In diesem Zusammenhang sprach Engelhardt auch den "Konsultationsprozeß zur wirtschaftlichen und sozialen Lage" an, den die evangelische und katholische Kirche vor zwei Jahren mit einem Diskussionspapier angestoßen hatten. Nach der Auswertung der vielfältigen Reaktionen aus Kirche und Gesellschaft beraten die kirchlichen Leitungsgremien nun über ein gemeinsames Wort zur wirtschaftlichen und sozialen Lage, das im Frühjahr 1997 fertig werden soll.

Der Ratsvorsitzende sagte, Sozialstaat und Soziale Marktwirtschaft seien nicht zukunftsfähig, wenn nicht alle zur Solidarität fähig und bereit seien. Der Sozialstaat diene dem sozialen Ausgleich. "Der Staat belastet darum die Stärkeren zugunsten der Schwächeren." Die Veränderungen und Anpassungen des Sozialstaates dürfen nach Auffassung Engelhardts nicht vor allem zu Lasten der geringer Verdienenden, der Arbeitslosen und der Sozialhilfeempfänger gehen. "Der zutreffende Grundsatz, daß Leistung sich im wirtschaftlichen Bereich lohnen muß, kann nicht dafür herhalten, Besserverdienende von ihren Beiträgen zum sozialen Ausgleich zu entlasten."

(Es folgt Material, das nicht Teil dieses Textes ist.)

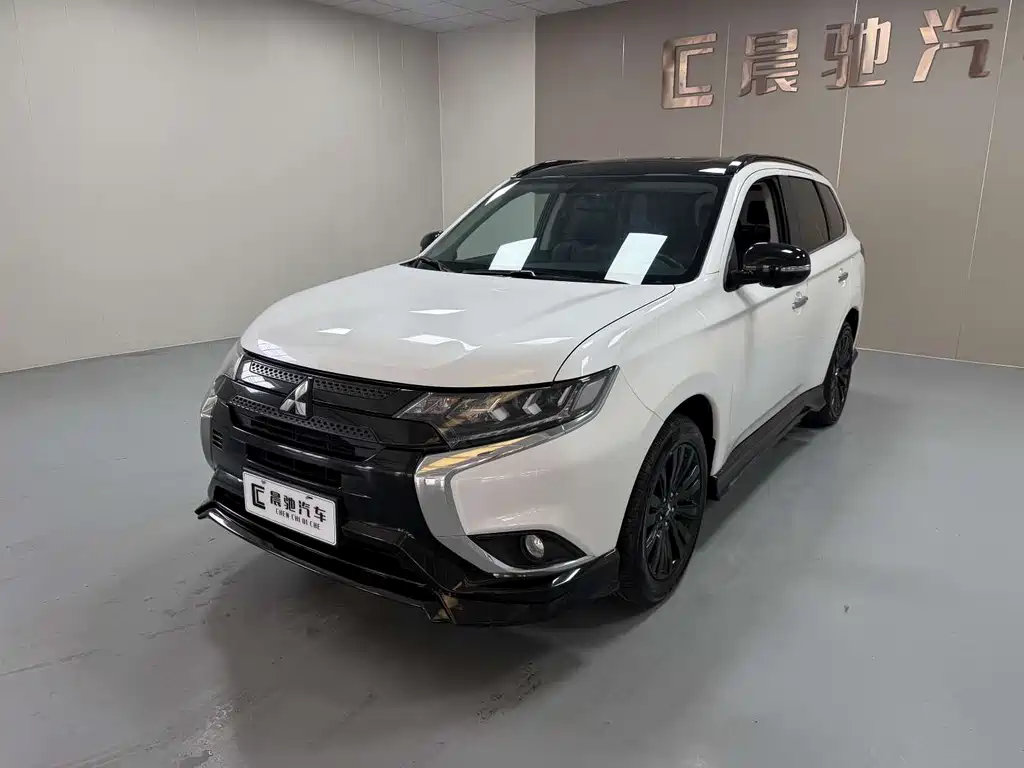 Купить Mitsubishi Outlander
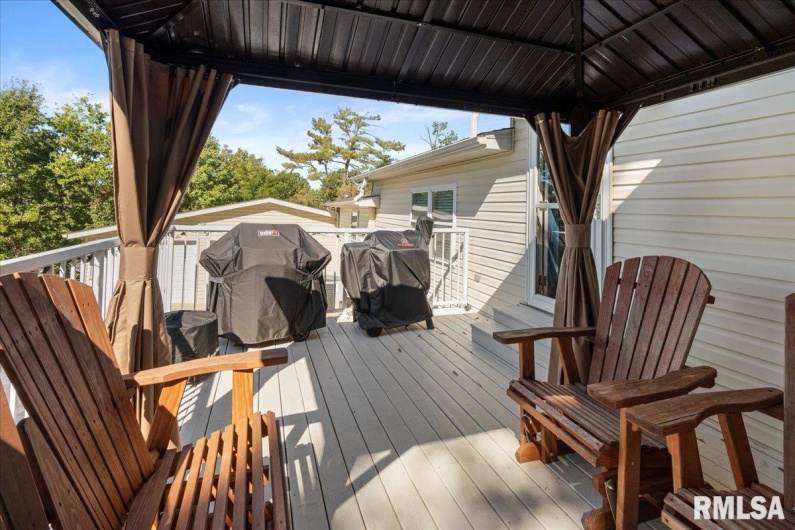 580 PHILLIPS Road, Carbondale, Illinois 62902, 3 Bedrooms Bedrooms, 0 ,2 BathroomsBathrooms,Residential,For Sale,PHILLIPS,0,RMAEB459734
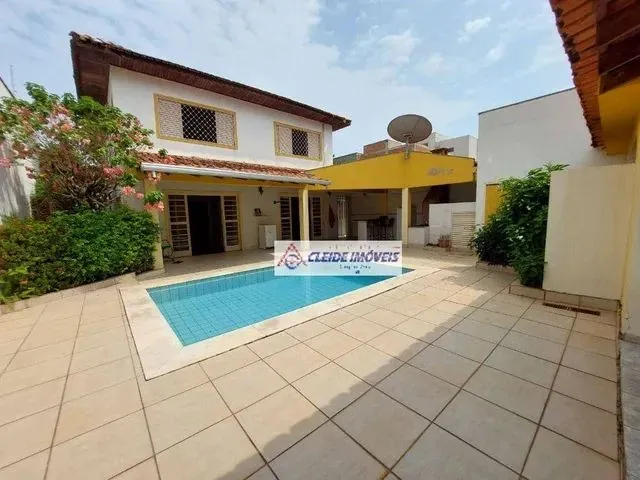 Imagem: Casa com 4 Dormitórios À Venda, 338 M²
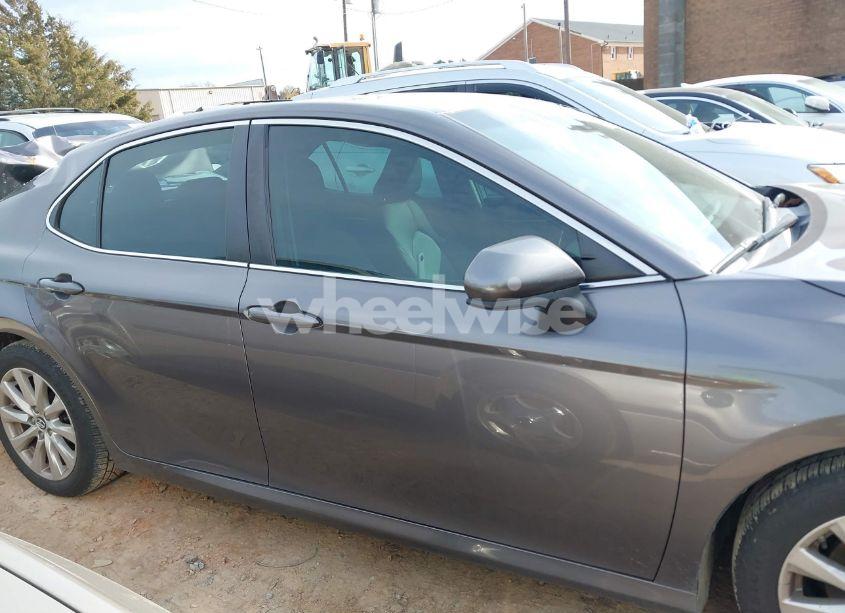 Photo 13 of 2018 Toyota Camry LE (VIN 4T1B11HK7JU019104)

Engelhardt wandte sich gegen ein "schlechtreden" des Standortes Deutschland. Der soziale Friede sei ein "enormer Standortvorteil". Es dürfe aber auch nicht von vornherein "sozialer Abbau" angeprangert werden, wenn der hohe Standard, auf dem in Deutschland viele lebten, "so nicht gehalten werden" könne.

Der Ratsvorsitzende setzte sich für Initiativen der Kirchengemeinden mit Arbeitslosen, Armen und sozial Schwachen ein. Diakonische Gemeindearbeit, Besuchsdienstkreise und Treffpunkte für Arbeitslose seien Ansatzpunkte dafür, die soziale Kompetenz der Gemeinden zu erhöhen. In dem Maße, wie Gemeinden, kirchliche Gruppen und Einrichtungen "mit den Augen des Erbarmens" sowohl die Schwachen als auch die Politiker sehen, die Entscheidungen zu fällen haben, "können sie in der gesellschaftlichen Öffentlichkeit und den politischen Entscheidungsorganen Aufmerksamkeit finden", so Engelhardt.